Cuba’s government has dropped its refusal to let a prominent physician visit her family abroad, Argentina’s government announced Friday. The measure resolves one of the few disputes between the two countries.
President Cristina Fernandez announced that Cuban officials told her that Dr. Hilda Molina had been given permission to leave Cuba for Argentina and she expressed “much satisfaction” at the decision.
Her left-leaning administration has had warm relations with communist Cuba.
Argentine news media has given extensive attention to Molina’s struggle to see the grandchildren who were born to her son and her Argentine daughter-in-law after they left Cuba in 1994.
International human rights groups for years have lobbied the Cuban government to give Molina permission to leave. Washington-based Human Rights Watch in February featured Molina’s case among examples of Cuba denying exit visas to several categories of applicants, including health care professionals.

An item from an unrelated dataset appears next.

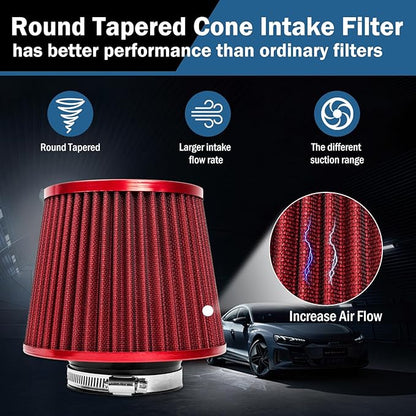 Universal Clamp-On Air Intake Filter, High Performance, Washable Filter, Replacement Air Filter, Flange Diameter 3inch/76mm (Red)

While Cuba has sent thousands of doctors abroad on official aid missions, it restricts individual foreign travel by physicians, arguing that it has made too heavy investment in training them to see them freely emigrate for higher salaries elsewhere.
Molina was a prominent neurosurgeon at a government institution until 1994, when she resigned after questioning the ethics of using human stem cell tissue in studies on treating ailments such as Parkinson’s disease.
That same year her son Roberto Quinones left the country with his Argentine wife.
Daughter-in-law Veronica de Quinones told Argentine cable channel Todo Noticias that she did not know if Molina would stay in Argentina or return to Cuba.
Molina’s son told Radio 10 that new news “surprised all the family with great joy, because it something we have wanted for many years.”